外観訴訟で「や台ずし」敗訴、不正競争防止法の規制について
2018/09/18 コンプライアンス, 不正競争防止法
はじめに
店舗の外観が酷似しているとして「や台ずし」が「磯丸すし」に対し外観の差止と損害賠償を求めていた訴訟で13日、名古屋地裁は請求を棄却していたことがわかりました。商品表示に該当しないとのことです。今回は不正競争防止法による店舗外観の保護について見ていきます。
事案の概要
報道などによりますと、2016年11月、「SFPダイニング」(世田谷)は横浜市内に「磯丸すし」を開店しました。これに対し「や台ずし」を運営する「ヨシックス」(名古屋市)は「磯丸すし」の看板の位置や自体などが「や台ずし」に酷似しているとして名古屋地裁に外観使用の差止と損害賠償を求め提訴していました。SFPダイニング側は周知性や混同の可能性を出店地域の状況を考慮して判断すべきと反論していました。
不正競争防止法による規制
不正競争防止法2条1項1号によりますと、「他人の商品等表示…として需要者の間に広く認識されているものと同一若しくは類似の商品等表示を使用」する行為を「不正競争」の一つとして禁止しております。そしてこの不正競争によって営業上の利益を侵害され、または侵害されるおそれがある者は差止を請求することができ(3条1項)、また損害賠償を求めることもできます(4条)。その際不正競争によって利益を得ている場合はその額が損害額と推定されます(5条2項)。また罰則として5年以下の懲役、500万円以下の罰金またはこれらの併科となることがあります(21条2項1号)。
不正競争の要件
まず「商品等表示」とは「人の業務に係る氏名、称号、商標、標章、商品の容器若しくは包装その他の商品又は営業を表示するもの」と定義されております(2条1項1号括弧書き)。そして外観などの形態がこの「商品等表示」に該当するための要件は一般的に次のとおりとされております。①当該形態が他の同種商品と識別しうる程度の特徴を有していること(識別性)、②長期間継続して独占的に使用されているか、短期間でも宣伝等により当該形態が特定者の商品であることを示す表示に至っていること(周知性)の両方を満たす場合です。
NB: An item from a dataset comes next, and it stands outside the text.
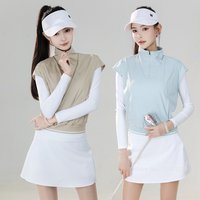 SG Golf Women Zipper Collar Shirt Women Fake Two-piece Long-sleeved T-shirt Autumn New Sports Skirts A-lined Golf Tennis Skort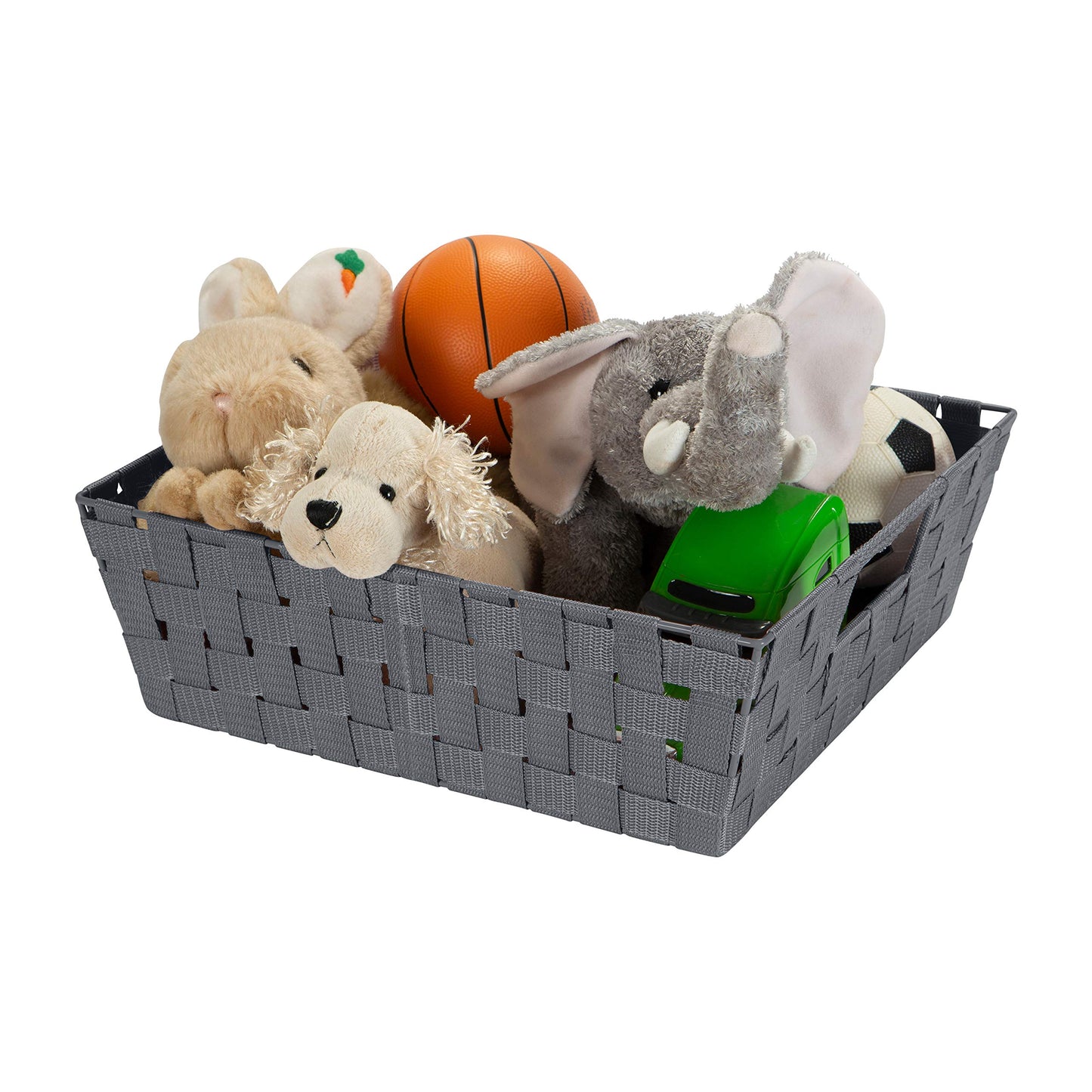 Simplify 2 Pack Large Storage Shelf Totes with Woven Strap in Grey | Decorative | Baskets |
店舗の外観が他のものと比べ顕著な特徴を持っていることと、それを見れば会社名等を認識できるものであることが必要です。
他の法令による保護の可能性
このようないわゆる知的財産権に類する権利の保護としては意匠法や商標法による保護が考えられます。意匠権や商標権を持っている場合は訴訟においても立証は容易となり、不正競争防止法による場合に比べて強力に保護されることになります。しかし現行法上「意匠」とは独立して取引の対象となる「物品」を対象としており店舗は含まれないとされております。それゆえに現在店舗の「外観」を知財として登録することはできないとされます。
コメント
本件で名古屋地裁は「や台ずし」の外観に同業他社と異なる顕著な特徴はなく、そもそも商品表示に当たらないとして棄却しました。不正競争防止法による保護の対象としての「商品等表示」の要件である識別性が否定されたものと考えられます。同種の事例であるコメダ珈琲の例では店舗の外観がかなり特徴的で被告側店舗も外観だけでなく内装や席の配置に至るまで酷似していたという事情があります。周知性が認められるためには同業者と比べて相当な差別化が必要と考えられます。なお現在特許庁は意匠法を改正し店舗の外観も保護の対象となるよう検討しております。これらの点も踏まえ、自社店舗の権利をどのようにすれば模倣から守ることができるかを検討しておくことが重要と言えるでしょう。